Effects of interaction on an adiabatic quantum electron pump

We study the effects of inter-electron interactions on the charge pumped through an adiabatic quantum electron pump. The pumping is through a system of barriers, whose heights are deformed adiabatically. (Weak) interaction effects are introduced through a renormalisation group flow of the scattering matrices and the pumped charge is shown to {\it always} approach a quantised value at low temperatures or long length scales. The maximum value of the pumped charge is set by the number of barriers and is given by $Q_{\rm max} = n_b -1$. The correlation between the transmission and the charge pumped is studied by seeing how much of the transmission is enclosed by the pumping contour. The (integer) value of the pumped charge at low temperatures is determined by the number of transmission maxima enclosed by the pumping contour.
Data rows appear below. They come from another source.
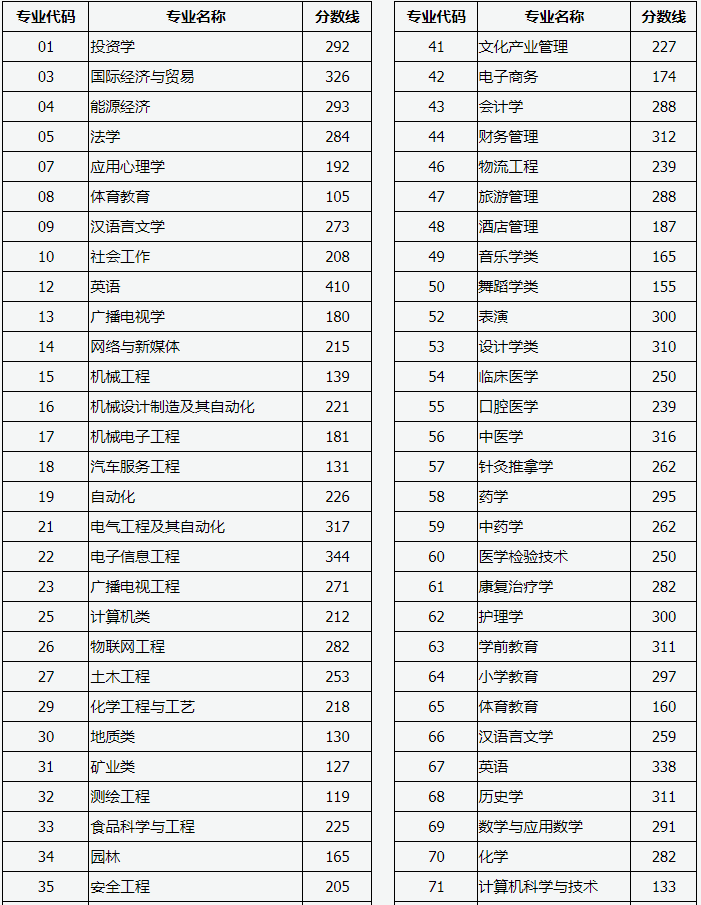 2020山西專升本分?jǐn)?shù)段統(tǒng)計表(圖1)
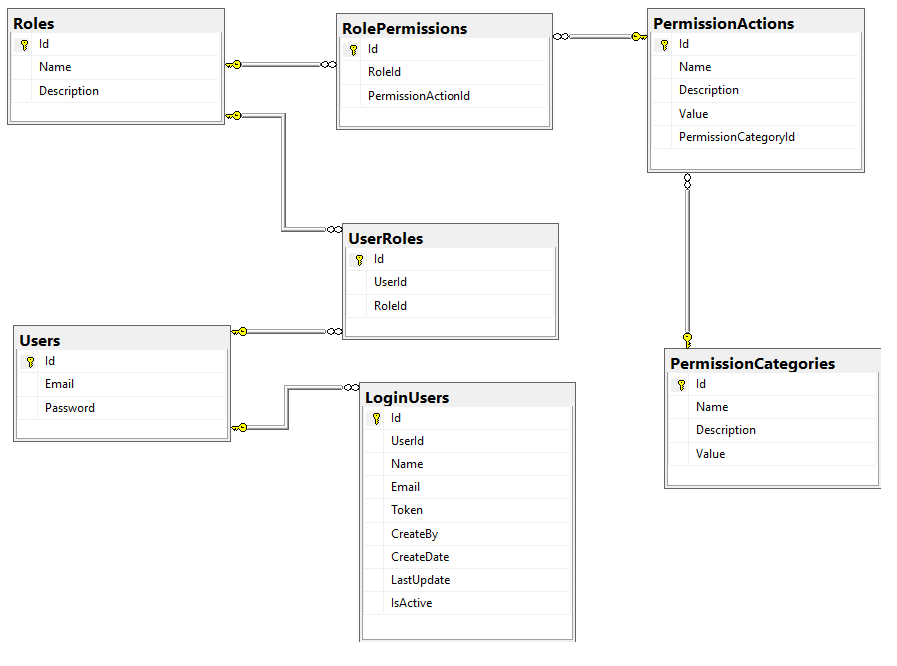 Database design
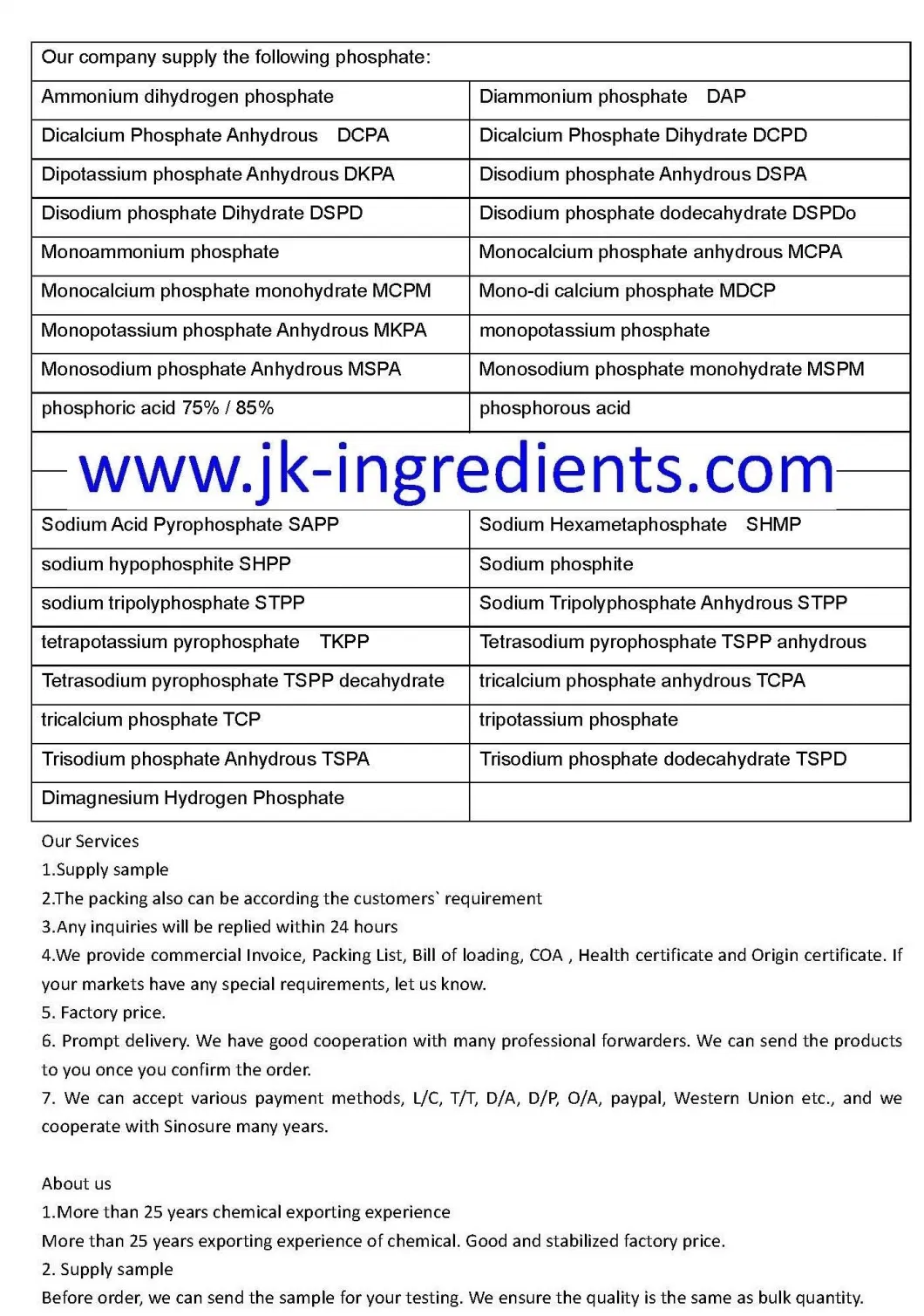 Polyglycerol Esters of Fatty Acids E475 Pge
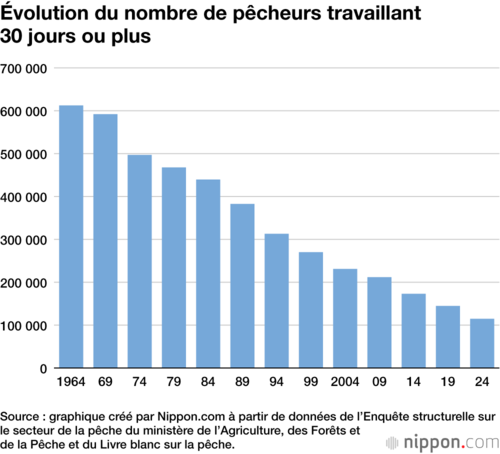 Évolution du nombre de pêcheurs travaillant 30 jours ou plus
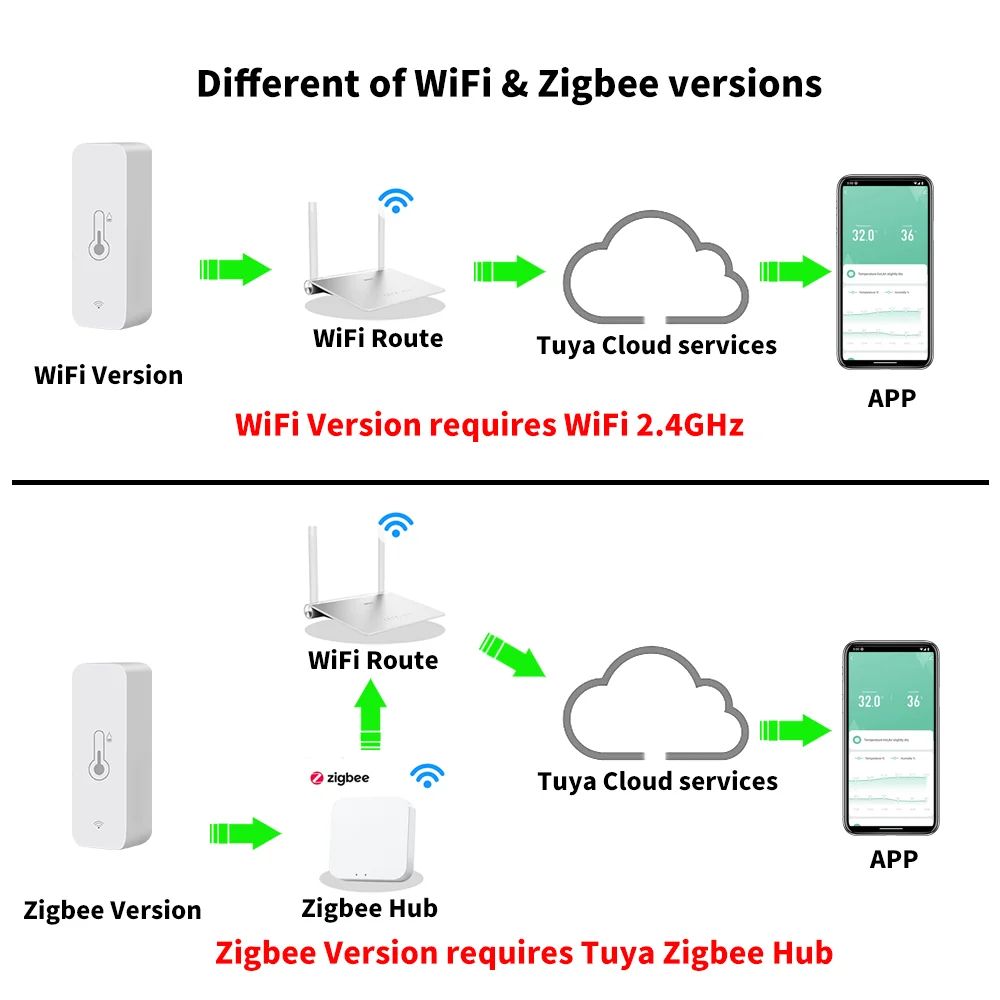 Tuya WiFi Zigbee Smart Temperature Humidity Sensor Indoor Hygrometer For Smart Home 2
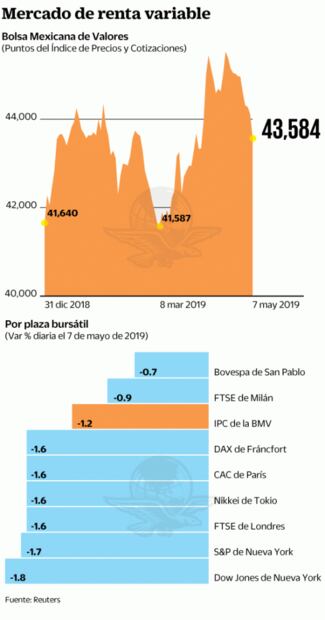 Bolsa mexicana, con peor racha histórica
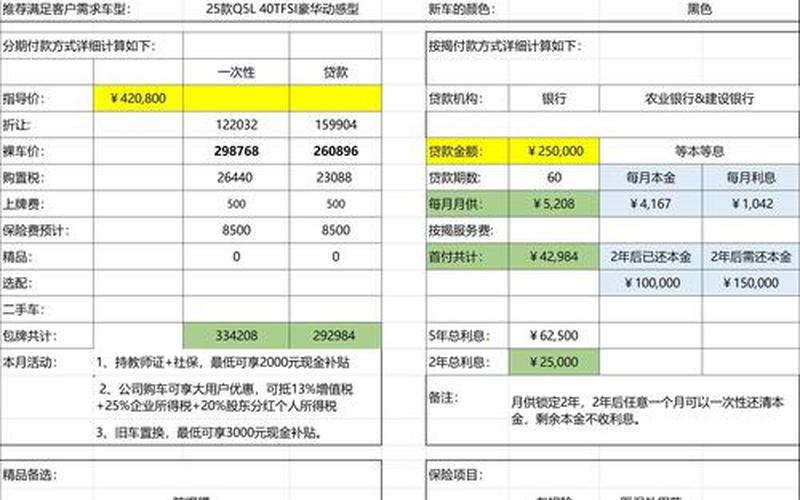 麦克奥迪股票配资（麦克奥迪股票配资行情）-第1张图片-金银屋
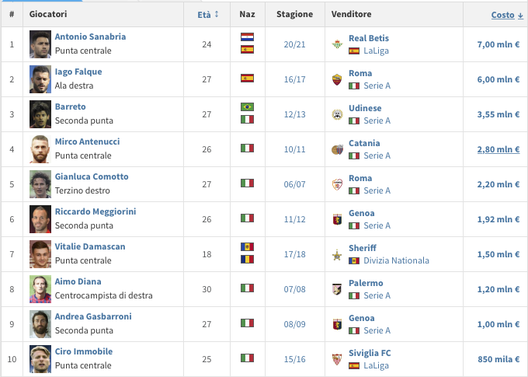 Toro, mercato di gennaio: Mandragora, Sanabria e un digiuno che durava dal 2017- immagine 2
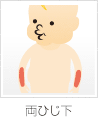 両ひじ下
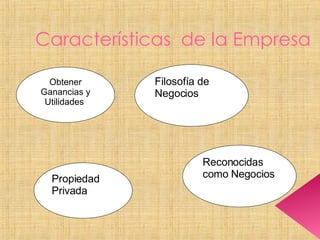 Características  de la Empresa Obtener Ganancias y Utilidades  Filosofía de Negocios   Reconocidas como Negocios  Propiedad Privada 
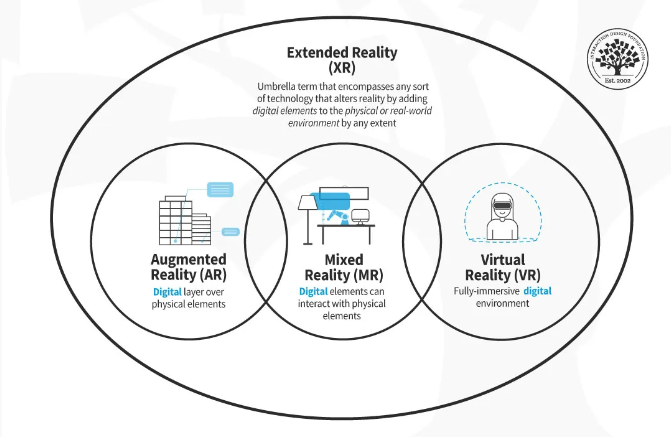 Extended Reality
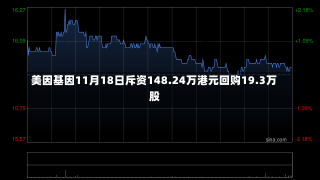 美因基因11月18日斥资148.24万港元回购19.3万股-第2张图片-多讯网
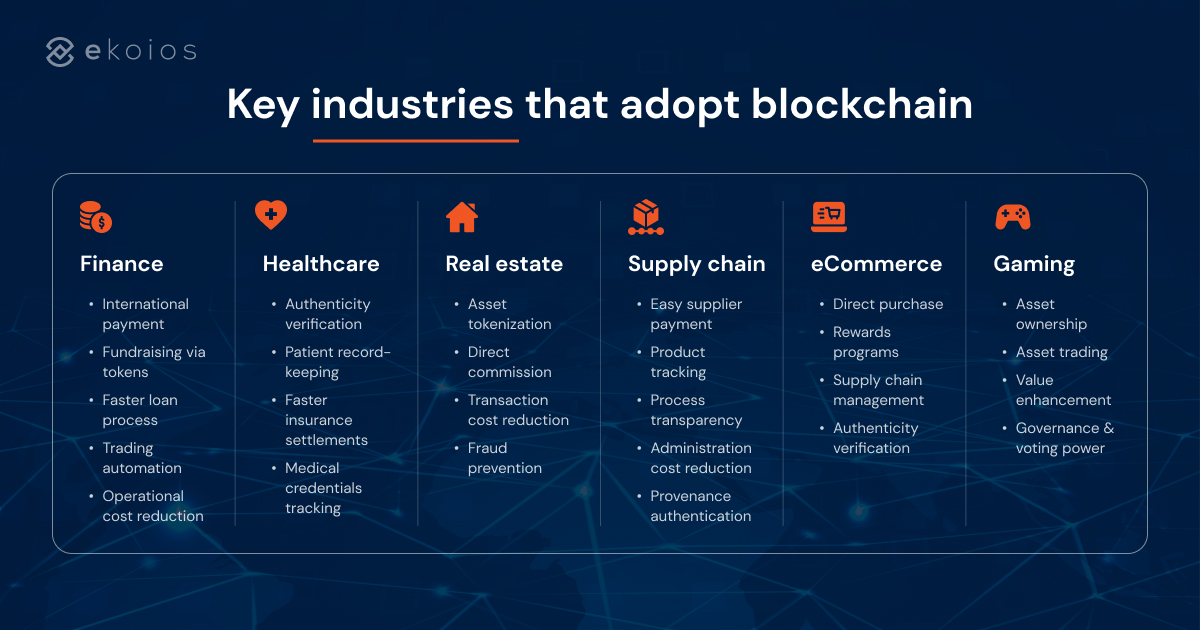 industries that adopt blockchain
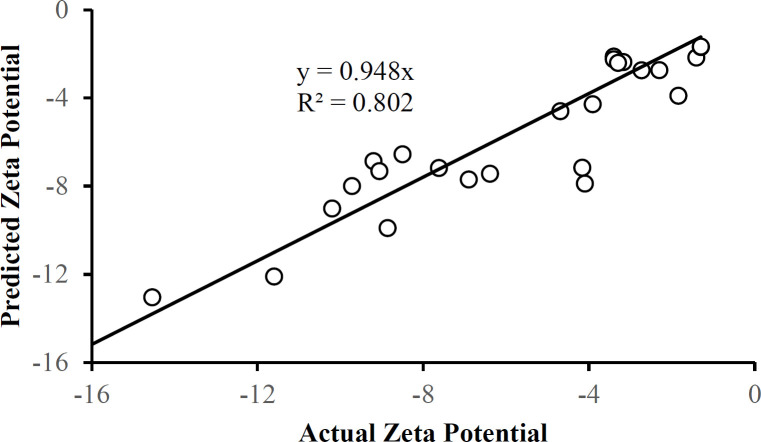 The plot of predicted values for the zeta potential based on Equation 5 as a function of the actual zeta potential values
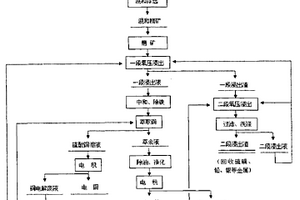 復雜銅鉛鋅銀多金屬硫化礦綜合回收方法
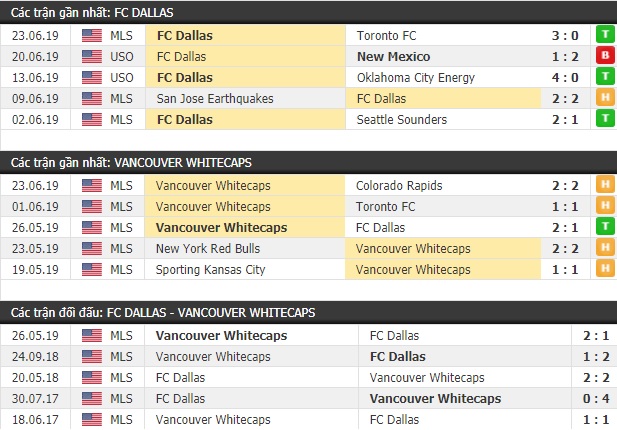 Thành tích và kết quả đối đầu Dallas vs Vancouver Whitecaps
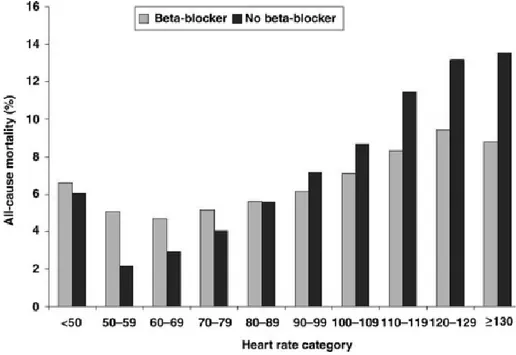 Gambar 2.12. Risiko kematian terhadap laju denyut jantung pada penggunaan dan  tanpa penggunaan penyekat beta (Bangalore, 2010) 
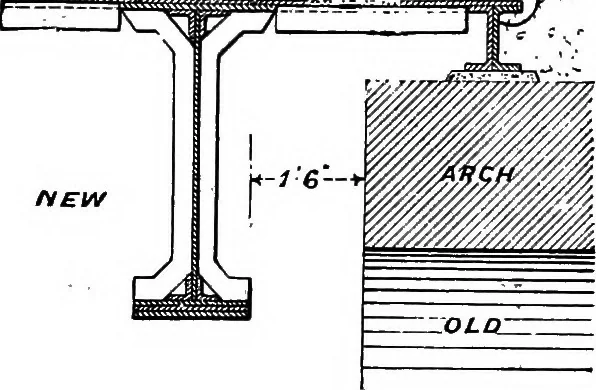 An illustration from The anatomy of bridgework, 1906, leaf 198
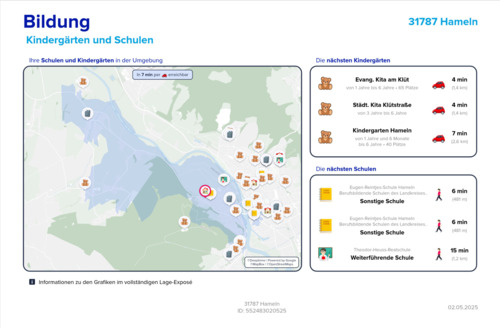 Lage-Exposee 04 - 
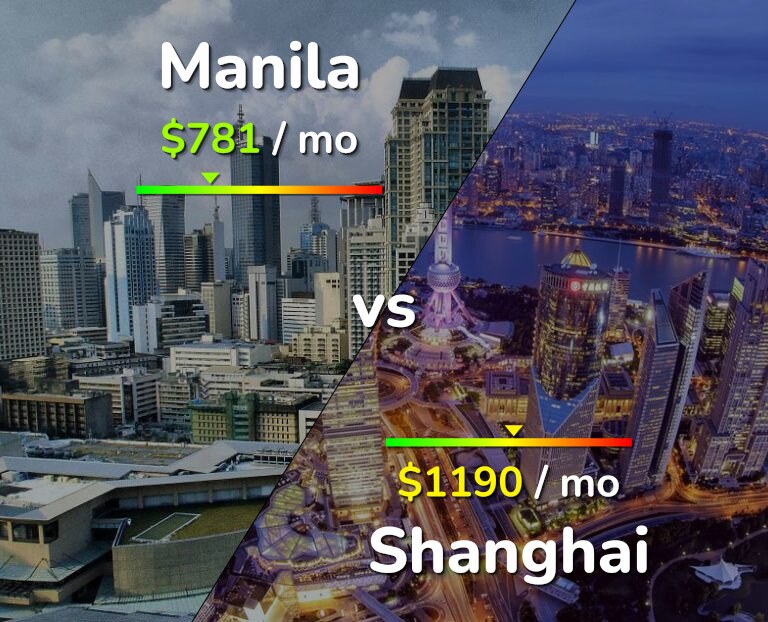 Cost of living in Manila vs Shanghai infographic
The dissipation at finite temperatures leading to the non-quantised values of the pumped charge scales as a power law with the temperature ($Q-Q_{\rm int} \propto T^{2\alpha}$), or with the system size ($Q-Q_{\rm int} \propto L_s^{-2\alpha}$), where $\alpha$ is a measure of the interactions and vanishes at $T=0 ~(L_s=\infty)$. For a double barrier system, our result agrees with the quantisation of pumped charge seen in Luttinger liquids.